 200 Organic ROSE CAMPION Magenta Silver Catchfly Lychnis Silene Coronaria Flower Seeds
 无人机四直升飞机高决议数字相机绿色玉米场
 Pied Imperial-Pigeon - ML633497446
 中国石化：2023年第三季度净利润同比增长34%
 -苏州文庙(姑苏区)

...

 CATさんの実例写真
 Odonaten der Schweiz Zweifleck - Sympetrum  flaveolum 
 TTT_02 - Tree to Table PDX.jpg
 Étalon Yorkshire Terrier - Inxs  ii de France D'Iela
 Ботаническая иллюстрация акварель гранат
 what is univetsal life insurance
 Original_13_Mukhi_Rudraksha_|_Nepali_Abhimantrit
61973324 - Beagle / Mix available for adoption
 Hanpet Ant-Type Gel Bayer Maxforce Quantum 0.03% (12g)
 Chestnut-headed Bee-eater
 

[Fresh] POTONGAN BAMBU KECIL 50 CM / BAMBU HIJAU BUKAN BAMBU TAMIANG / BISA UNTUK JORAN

§ **Work task**: Copy range, inclusive: the line holding "Étalon Yorkshire Terrier" to the line holding "[Fresh] POTONGAN BAMBU". Reproduce exactly those lines of the records above and no others.

§ **Output for this task**:
 Étalon Yorkshire Terrier - Inxs  ii de France D'Iela
 Ботаническая иллюстрация акварель гранат
 what is univetsal life insurance
 Original_13_Mukhi_Rudraksha_|_Nepali_Abhimantrit
61973324 - Beagle / Mix available for adoption
 Hanpet Ant-Type Gel Bayer Maxforce Quantum 0.03% (12g)
 Chestnut-headed Bee-eater
 

[Fresh] POTONGAN BAMBU KECIL 50 CM / BAMBU HIJAU BUKAN BAMBU TAMIANG / BISA UNTUK JORAN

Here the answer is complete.